|Arrested Development: Season Two (2004)
Starring: Jason Bateman, Jeffrey Tambor, Potia de Rossi, Will Arnett, Michael Cera, Alia Shawkat, Tony Hale, David Cross, Jessica Walter
It’s pretty much standard practice to expect network doofus Fox to cancel all of its quality programming before they even get a chance to find a niche audience, but not every series that gets the axe is necessarily a shining nugget of excellence (i.e. the recently canned “Head Cases”). That being said, the critically-acclaimed comedy series “Arrested Development” is an even more interesting case study of Fox’s bewildering scheduling decisions. Just barely avoiding cancellation at the end of last year’s second season, despite the series’ unanimous praise, “Arrested Development” has remained the most original half-hour of television since the debut of “Seinfeld.” Dodging Fox’s erratic swinging axe didn’t come without its consequences either. The second season work order was cut from twenty-two to eighteen episodes, as if to say “You might be the entertainment world’s network television darling, but if you don’t make us money, we could care less.”

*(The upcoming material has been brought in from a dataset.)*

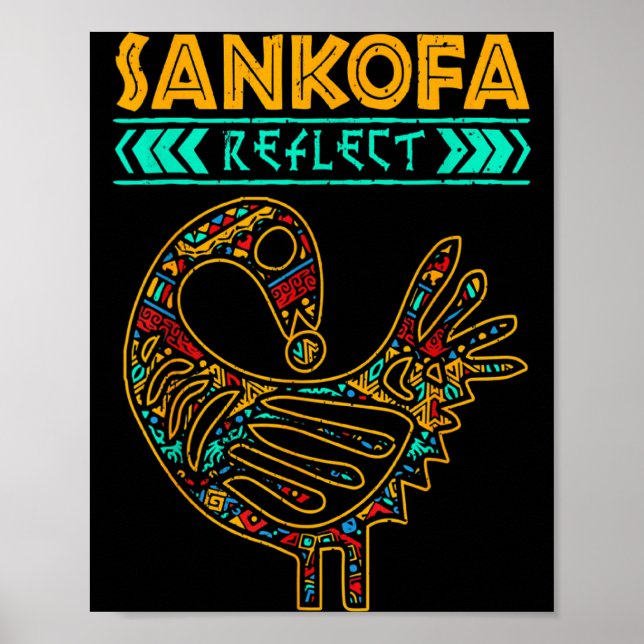 Poster Sankofa História Negra Afro Orgulho Africano Homen (Frente)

Fortunately, series creator Mitchell Hurwitz and his team of brilliant writers paid little attention to the demands of the network, and instead embarked on a second season that’s even zanier than the first. The Bluth family business is still in turmoil, with middle child Michael (Jason Bateman) doing everything in his power to keep it afloat, while his older brother Gob (Will Arnett) continues to get in his way. Meanwhile, Lindsay (Portia de Rossi) and Tobias (David Cross) agree to take a break from the married life, just as Lucille (Jessica Walter) rekindles an old relationship with Oscar (Jeffrey Tambor), the hippie twin brother of her jailed husband, George Sr. (also played by Tambor). George Sr., coincidentally, knows about the affair because he’s currently hiding from the government in Michael’s attic.
Also adding to the family hijinks is mamma’s boy Buster (Tony Hale), who enrolls in the Army only to have his hand bitten off by a seal, and Michael’s own son, Michael Jr. (Michael Cera), a troubled teen who’s coping with the idea of being in love with his cousin Maeby (Alia Shawkat), while Maeby herself feels the same way. In an attempt to avoid spending time together, Michael Jr. begins to date Ann (Mae Whitman) - a girl his father would much rather him not be with – and Maeby somehow shams her way into a career as a powerful movie producer.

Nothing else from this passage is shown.